Relationships, commitment to professionalism and a heart for service could speak to why Curry has been a staple of this region.

Privately owned, family held, Curry can take the long view. The company can sacrifice the near-term dollar for the long-term gain not only of business but the deep satisfaction of doing things right, doing them very well and for the best of reasons – because that is what the customer, the employee and the community needs.

Curry has been around a long time and will continue to be long into the future. Its people and properties are spread so thoroughly throughout the greater Kansas City metropolitan area – they are literally your neighbors and it’s very satisfying to be a good one. Relationships over generations have long memories. Curry works to have those be good ones, too.

The company strives to be among the very best in its profession. Curry is one of the few Midwest real estate management companies to achieve Accredited Management Organization (AMO) status by the Institute of Real Estate Management (IREM) – a standard for excellence in the real estate industry.

In addition, Curry invests in its team’s professional development to advance their skill levels as well as their involvement with an expectation that they will contribute to if not lead its professional associations. Seven members of the staff have served as president of IREM’s national or Kansas City chapter, starting with Charles F. Curry and ending, most recently with Matt Pepper whose term completed in 2022.

Curry staff overflow with professional designations, certifications and licenses though absent a heart for service rooted in core values, they would mean little.
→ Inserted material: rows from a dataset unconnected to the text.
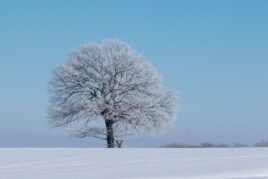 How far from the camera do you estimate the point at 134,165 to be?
5535mm

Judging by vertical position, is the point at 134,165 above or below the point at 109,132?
below

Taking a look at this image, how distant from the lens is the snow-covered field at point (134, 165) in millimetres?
4918

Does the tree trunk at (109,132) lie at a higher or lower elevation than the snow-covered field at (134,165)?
higher

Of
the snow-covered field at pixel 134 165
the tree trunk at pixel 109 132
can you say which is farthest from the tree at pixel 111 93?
the snow-covered field at pixel 134 165

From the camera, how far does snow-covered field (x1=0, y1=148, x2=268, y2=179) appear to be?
194 inches

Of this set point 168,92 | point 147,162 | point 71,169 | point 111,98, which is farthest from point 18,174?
point 168,92

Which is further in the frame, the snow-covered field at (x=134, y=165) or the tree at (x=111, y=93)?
the tree at (x=111, y=93)

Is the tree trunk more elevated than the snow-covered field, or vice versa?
the tree trunk

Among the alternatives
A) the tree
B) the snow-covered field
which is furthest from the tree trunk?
the snow-covered field

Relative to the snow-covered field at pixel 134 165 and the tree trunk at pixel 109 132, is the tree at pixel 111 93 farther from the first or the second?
the snow-covered field at pixel 134 165

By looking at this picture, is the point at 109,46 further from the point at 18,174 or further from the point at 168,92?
the point at 18,174

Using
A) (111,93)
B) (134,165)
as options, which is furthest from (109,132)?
(134,165)

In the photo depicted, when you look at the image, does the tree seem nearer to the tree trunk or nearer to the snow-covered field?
the tree trunk

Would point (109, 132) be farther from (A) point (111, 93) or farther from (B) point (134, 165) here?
(B) point (134, 165) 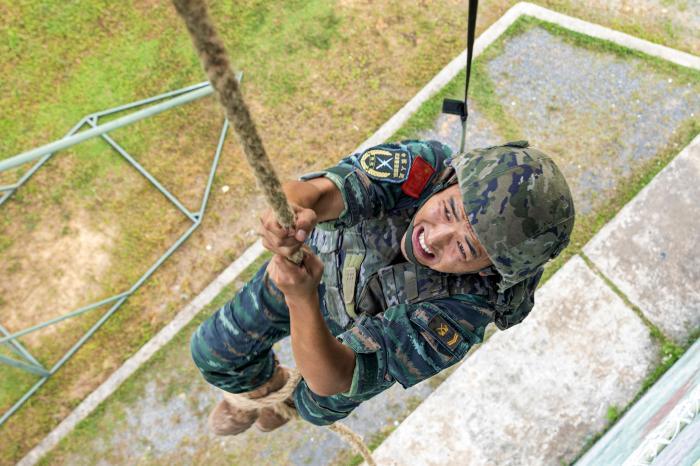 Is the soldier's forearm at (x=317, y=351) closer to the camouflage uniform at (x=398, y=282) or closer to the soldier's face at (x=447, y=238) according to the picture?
the camouflage uniform at (x=398, y=282)

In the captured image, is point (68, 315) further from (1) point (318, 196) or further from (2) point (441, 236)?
(2) point (441, 236)

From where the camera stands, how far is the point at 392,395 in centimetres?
378

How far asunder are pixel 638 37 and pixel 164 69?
172 inches

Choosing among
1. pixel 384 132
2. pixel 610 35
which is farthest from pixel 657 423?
pixel 610 35

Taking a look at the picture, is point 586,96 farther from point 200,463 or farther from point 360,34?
point 200,463

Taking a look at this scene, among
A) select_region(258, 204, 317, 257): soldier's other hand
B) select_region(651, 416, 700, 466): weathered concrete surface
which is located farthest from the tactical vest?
select_region(651, 416, 700, 466): weathered concrete surface

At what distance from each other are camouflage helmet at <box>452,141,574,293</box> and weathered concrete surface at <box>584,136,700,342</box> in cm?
240

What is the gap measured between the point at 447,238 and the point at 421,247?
5.7 inches

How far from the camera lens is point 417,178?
2348 mm

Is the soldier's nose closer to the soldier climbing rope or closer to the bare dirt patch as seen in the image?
the soldier climbing rope

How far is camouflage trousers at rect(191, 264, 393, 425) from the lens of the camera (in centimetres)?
248

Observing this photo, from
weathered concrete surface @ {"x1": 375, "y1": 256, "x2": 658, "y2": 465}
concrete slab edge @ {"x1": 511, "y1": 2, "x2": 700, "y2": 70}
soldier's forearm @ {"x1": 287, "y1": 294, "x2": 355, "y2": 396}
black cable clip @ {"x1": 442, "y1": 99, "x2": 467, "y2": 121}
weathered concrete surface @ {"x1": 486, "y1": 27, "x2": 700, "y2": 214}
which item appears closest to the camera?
soldier's forearm @ {"x1": 287, "y1": 294, "x2": 355, "y2": 396}

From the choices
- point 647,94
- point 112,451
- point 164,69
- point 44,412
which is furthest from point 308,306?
point 647,94

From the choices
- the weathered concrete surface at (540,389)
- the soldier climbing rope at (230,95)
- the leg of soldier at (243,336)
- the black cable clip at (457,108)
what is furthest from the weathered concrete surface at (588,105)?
the soldier climbing rope at (230,95)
Curry’s core values – commitment to its employees, customers and communities, to creating value and maintaining the highest standards, to sustainability, quality of life and the future – are the underpinning of the company culture and the basis for all policies, actions and business practices.

In running the business, wide berth is given to service, the initiative to take care of something or someone, to do what it takes and take care in the doing. These stories of service initiative are heard in passing. It’s not part of the business plan included in the quarterly updates. The story fragment is heard, someone telling another, “I thought I could help, so I did.”

Curry thinks it can help, so it does. Turns out that is a valuable contribution to any business plan.